Project Adam: Building an Efficient and Scalable …web.eecs.umich.edu/~mosharaf/Readings/Project-Adam.pdfAdam’s efficiency enables training larger models with the same amount of

Project Adam: Building an Efficient and Scalable Deep Learning Training System Trishul Chilimbi, Yutaka Suzue, Johnson Apacible, and Karthik Kalyanaraman,

Massively Parallel Processing of Whole Genome Sequence ...aroy/gesall-sigmod17.pdf · large genome analysis pipelines. Change of Existing Software: ADAM [19] provides new formats,

Chromatiblock: scalable whole-genome visualization of ... · genomes. The global alignment view shows the arrangement of core blocks (i.e., syntenic regions found once in all genomes)
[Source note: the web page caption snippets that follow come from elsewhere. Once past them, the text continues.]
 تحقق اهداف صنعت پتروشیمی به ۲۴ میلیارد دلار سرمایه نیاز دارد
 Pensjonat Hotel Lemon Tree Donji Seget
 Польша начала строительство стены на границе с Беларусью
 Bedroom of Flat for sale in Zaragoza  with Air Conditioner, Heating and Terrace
Minor Thesis A scalable schema matching framework for relational databases Student: Ahmed Saimon Adam ID: 110022478 Award: MSc (Computer & Information.
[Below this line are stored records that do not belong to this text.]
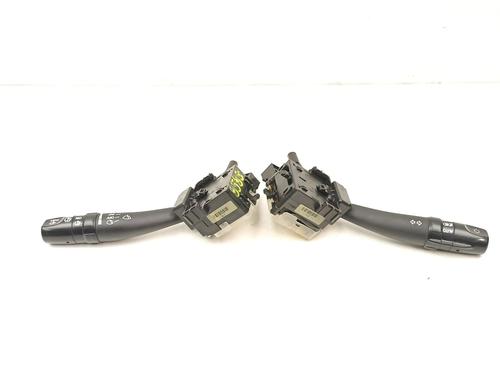 Steering column stalk HYUNDAI SANTA FÉ II (CM) 2.2 CRDi 4x4 | BP24113032I23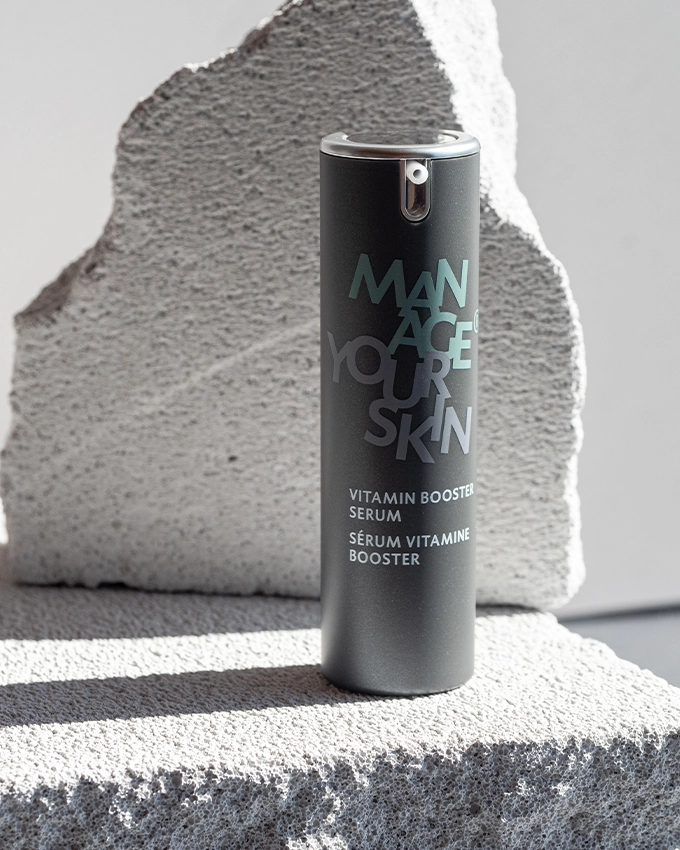 Vitamin Booster Serum Pumpspender elegant inszeniert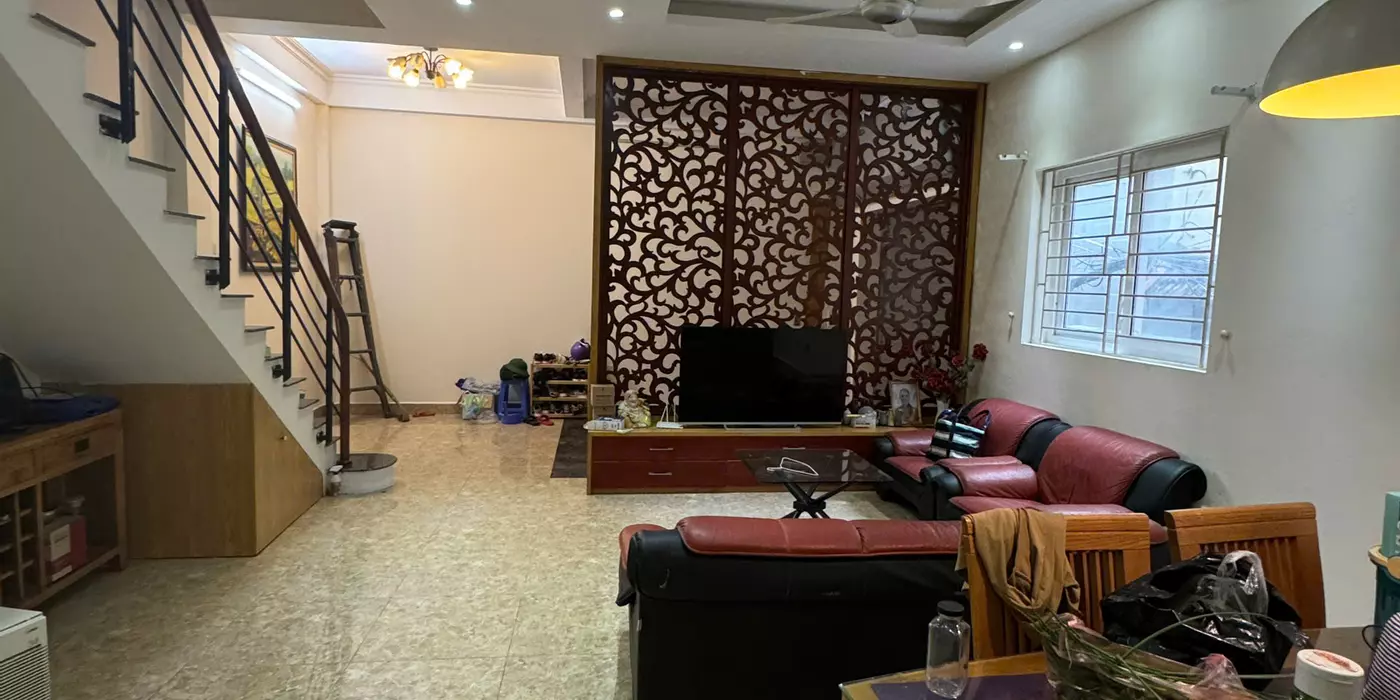 NHÀ DÂN XÂY - MẶT TIỀN RỘNG THOÁNG - 3 BƯỚC RA PHỐ.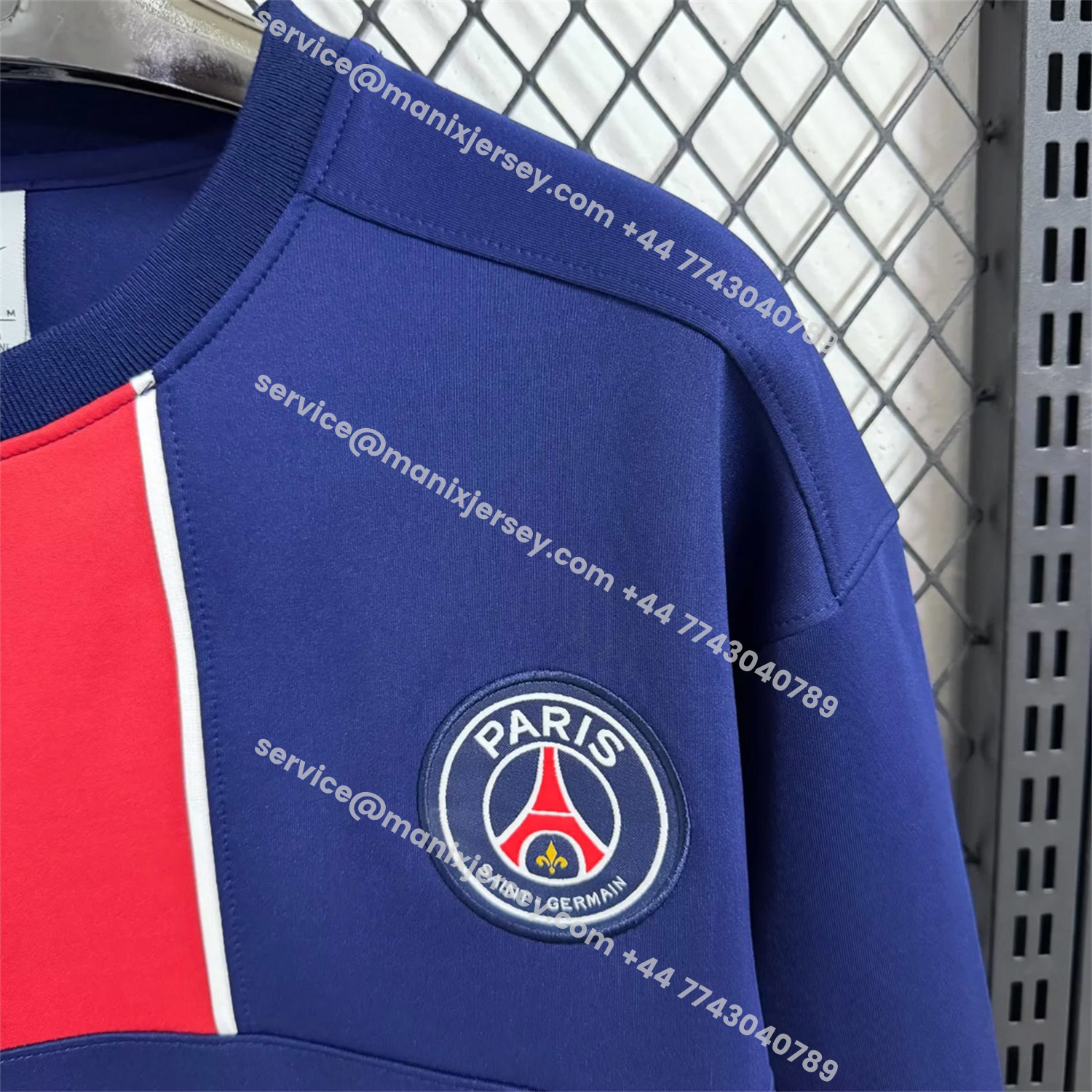ManixJersey.com | Paris Saint-Germain PSG 25-26 Blue And Red Unisex Pullover Hoodie -Customize Name, Number and Patch | Worldwide Shipping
Scalable multiple whole-genome alignment and locally ... · de Bruijn graphs to identify and extend anchors into locally collinear blocks hold the potential for scalability, but current

Scalable multiple whole-genome alignment and locally ... · Scalable multiple whole-genome alignment and locally collinear block construction with SibeliaZ Ilia Minkin 1 and Paul

Lightcuts: A Scalable Approach to Illumination Bruce Walter, Sebastian Fernandez, Adam Arbree, Mike Donikian, Kavita Bala, Donald Greenberg Program of.

UKOLN is supported by: Share your genome? Dealing with very personal data. Professor Adam Hedgecoe, Associate Director CESAGEN ESRC Centre for Social and.